La Casa de la Moneda, el más antiguo edificio industrial de Europa. En la actualidad (2008) se está realizando una rehabilitación integral de todo el complejo que se preveé dure hasta el año 2009.

Festividades

  • San Lorenzo (en torno al 10 de agosto). Es la fiesta de uno de los barrios más populares de la ciudad.
  • Ferias y Fiestas de San Juan y San Pedro (finales de junio). Son las fiestas más señaladas de la ciudad y se vienen celebrando desde el siglo XV.
  • San Frutos (25 de octubre): patrón de Segovia. A media mañana se canta en la Catedral el Villancico de San Frutos, tras el cual suele haber distintas actividades en la Plaza Mayor, como un pregón, un concierto de la Banda de la Unión Musical Segoviana, exposiciones de micología, etc. En los últimos años, y siguiendo la arraigada tradición de sacarse tradiciones de la manga, los pasteleros de Segovia han inventado un postre del santo. En la noche anterior a San Frutos se congregan los segovianos ante la imagen del santo que hay a la puerta de la Catedral para verle pasar la hoja del libro que sostiene.

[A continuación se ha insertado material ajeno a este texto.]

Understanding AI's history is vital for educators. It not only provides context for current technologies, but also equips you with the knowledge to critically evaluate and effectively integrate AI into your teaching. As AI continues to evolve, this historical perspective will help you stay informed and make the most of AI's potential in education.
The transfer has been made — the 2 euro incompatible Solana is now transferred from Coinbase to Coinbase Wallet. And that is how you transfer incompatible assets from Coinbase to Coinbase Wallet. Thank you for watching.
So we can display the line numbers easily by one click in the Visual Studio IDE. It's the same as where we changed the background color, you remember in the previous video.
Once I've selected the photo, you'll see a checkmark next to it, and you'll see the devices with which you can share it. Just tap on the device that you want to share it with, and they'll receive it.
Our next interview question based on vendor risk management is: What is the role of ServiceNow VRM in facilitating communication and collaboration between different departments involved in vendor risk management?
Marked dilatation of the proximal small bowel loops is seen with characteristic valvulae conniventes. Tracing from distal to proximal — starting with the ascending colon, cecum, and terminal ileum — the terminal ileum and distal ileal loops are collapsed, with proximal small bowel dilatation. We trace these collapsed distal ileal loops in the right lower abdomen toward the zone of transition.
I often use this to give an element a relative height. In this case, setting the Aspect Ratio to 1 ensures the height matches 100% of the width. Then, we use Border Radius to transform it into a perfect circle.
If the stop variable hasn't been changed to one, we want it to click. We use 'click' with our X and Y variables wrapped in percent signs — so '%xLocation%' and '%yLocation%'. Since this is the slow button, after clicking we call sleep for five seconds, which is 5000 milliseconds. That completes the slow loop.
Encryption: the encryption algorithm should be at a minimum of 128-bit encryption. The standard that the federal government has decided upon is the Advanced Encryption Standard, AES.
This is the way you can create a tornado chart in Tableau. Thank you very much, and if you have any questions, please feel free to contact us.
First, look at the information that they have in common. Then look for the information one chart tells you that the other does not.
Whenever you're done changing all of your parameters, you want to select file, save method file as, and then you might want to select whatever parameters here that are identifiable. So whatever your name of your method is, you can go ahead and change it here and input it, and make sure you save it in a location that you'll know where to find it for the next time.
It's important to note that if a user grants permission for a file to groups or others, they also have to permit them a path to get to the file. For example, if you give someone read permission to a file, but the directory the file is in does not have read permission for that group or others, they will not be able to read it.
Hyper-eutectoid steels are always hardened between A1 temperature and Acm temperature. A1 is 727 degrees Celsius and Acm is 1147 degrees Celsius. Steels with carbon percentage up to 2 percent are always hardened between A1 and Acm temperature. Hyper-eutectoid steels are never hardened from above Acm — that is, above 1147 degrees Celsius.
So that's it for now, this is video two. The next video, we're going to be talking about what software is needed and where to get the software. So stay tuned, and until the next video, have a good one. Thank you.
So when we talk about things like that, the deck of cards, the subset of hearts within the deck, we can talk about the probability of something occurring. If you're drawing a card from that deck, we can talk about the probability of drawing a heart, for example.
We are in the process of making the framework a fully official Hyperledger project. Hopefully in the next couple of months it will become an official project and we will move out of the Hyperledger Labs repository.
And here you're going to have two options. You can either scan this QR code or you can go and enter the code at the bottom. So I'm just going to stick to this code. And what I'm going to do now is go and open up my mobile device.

  • Virgen de la Fuencisla (25 de septiembre): patrona de Segovia. El día de la mayor celebración es el último domingo del mes. Dos jueves antes la Virgen sube desde su Santuario en la Alameda de la Fuencisla a la Catedral para empezar la novena (su llegada a la Plaza Mayor es una de las cosas más puntuales que uno se puede encontrar en Segovia; tiene a gala hacerlo a la vez que suena la hora en el reloj del Ayuntamiento). Durante los nueve días siguientes se celebra la novena en la Catedral, en la que se canta el Himno de la Fuencisla, y el último domingo del mes la Virgen vuelve a su Santuario. Puesto que la Virgen es Capitán General (lo cual viene indicado por el bastón de mando que tiene a sus pies) en sus viajes entre el Santuario y la Catedral va acompañada por los cadetes de la Academia de Artillería y por la Banda de Música (que tiene que traerse desde la Academia de Toledo desde que desapareció la local). El día que vuelve al Santuario baja acompañada por los Cadetes hasta la Plaza del Azoguejo, donde se canta una Salve. Hasta hace unos años había exhibiciones de jotas castellanas en la Alameda de la Fuencisla a la llegada de la Virgen; últimamente las jotas se bailan en el propio Azoguejo.